That procurement will pick the vendor to provide the digital platform for the province’s planned electronic health record system, called One Person One Record (OPOR). The search is down to two finalists.

We’re told not to worry about the small mountain of evidence that those two finalists — Allscripts and Cerner — had a tighter relationship with the Nova Scotia Health Authority than the unsuccessful companies competing for the contract were permitted.

The province hired a referee from Ottawa to watch over the process that winnowed five bidders to the final two. The ref said the play was onside throughout, and if that’s not good enough for you, tough, because that’s pretty much all you’re getting.

Although, the government let it slip that the panel that did the winnowing based its decisions entirely on material the proponents provided themselves.

That means that if you read Paul Schneidereit’s news analysis in Monday’s Chronicle Herald you likely know more about the recent work experience of the two OPOR finalists than the panel knew when it picked them.

Schneidereit’s piece chronicled, among other things, problems with projects similar to OPOR in other jurisdictions. The projects he cited were led by Cerner or Allscripts and the issues included massive cost overruns, long delays, and potential threats to patient safety.

If you missed it, here's Paul Scheidereit's analysis of the electronic health records mega-deal
If you missed it, here's Paul Scheidereit's analysis of the electronic health records mega-deal

It was the Department of Internal Services that produced last year’s well-publicized breach of private information.

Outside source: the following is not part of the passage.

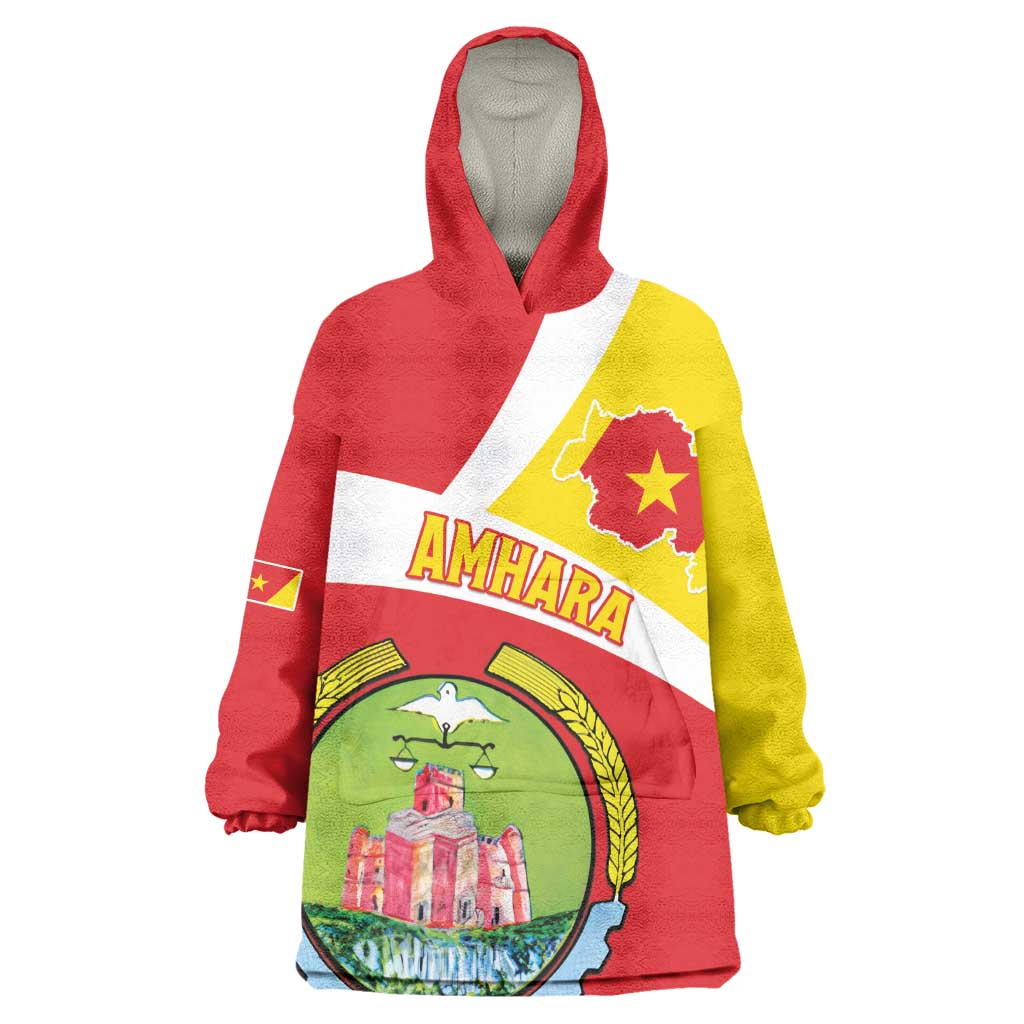 Personalized Amhara Region Wearable Blanket Hoodie Coat Of Arms With Amhara Map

The same department is responsible for the province’s purchasing, which includes the OPOR procurement. Connecting the two functions may seem gratuitous but there is a common denominator — familiarity with the vendor.

It turns out the main vendor on the Freedom of Information Access (FOIA) site that disgorged reams of records it shouldn’t have, was a trusted partner of the government on IT projects, so what could possibly go wrong? Not a thing, other than thousands of records – some containing agonizing personal details – were, with one extra keystroke, in the wind.

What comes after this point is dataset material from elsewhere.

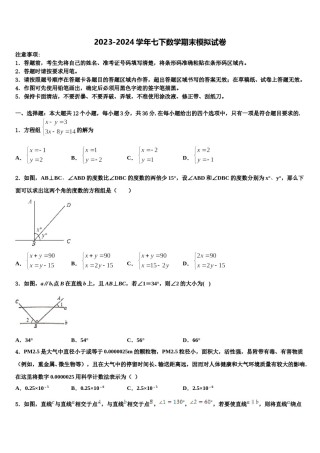 2024届江西省宜春市丰城四中学七年级数学第二学期期末联考试题含解析.doc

The province protected Nova Scotians’ personal information from everyone other than the millions of internet users who are familiar with a simple technique that takes them a little deeper into online data, and that’s where the FOIA site builders stuffed the personal info.

Both Auditor General Michael Pickup and Privacy Commissioner Catherine Tully cited the cosy relationship between the province and the vendor as contributing to the mammoth breach. Due in part to that trusting relationship, the site wasn’t subjected to the rigorous security testing it might have been.

The relationship between the Nova Scotia Health Authority, which has a lead role in OPOR, and the two finalists for the contract may not be as cosy as was the case with the FOIA site, but the relationship existed and the NSHA has been less than forthcoming about its nature.

The authority, for example, has never answered key questions posed by Schneidereit about the apparent preferential treatment afforded the two chosen ones.

At the front end of the process, before the procurement process was officially underway, a senior IT official with the NSHA told one prospective — and eventually unsuccessful — bidder that the authority wasn’t talking to potential proponents. Yet, around the same time, the two eventual finalists participated in NSHA-sponsored information sessions and, reportedly, dined with senior NSHA officials at a couple of the more expensive eateries in Halifax.

The province seems unconcerned that an unsuccessful bidder got the cold shoulder from the NSHA, while the two eventual finalists got what looks like unfettered access.

History shows, as Schneidereit noted in his column and supported with examples, that if complex projects like OPOR are not expertly handled, they can turn into expensive messes.

There is a great deal of smoke surrounding the province’s procurement of a vendor for the OPOR project, and the government isn’t letting anyone get close enough to see if there’s fire.

We are assured that the province has brought the necessary expertise to bear to get this right.

This too sounds familiar. What was it Tully wrote about the FOIA privacy breach?

“One significant and troubling factor is that the technology under investigation was implemented by the group responsible to lead privacy across all government departments.”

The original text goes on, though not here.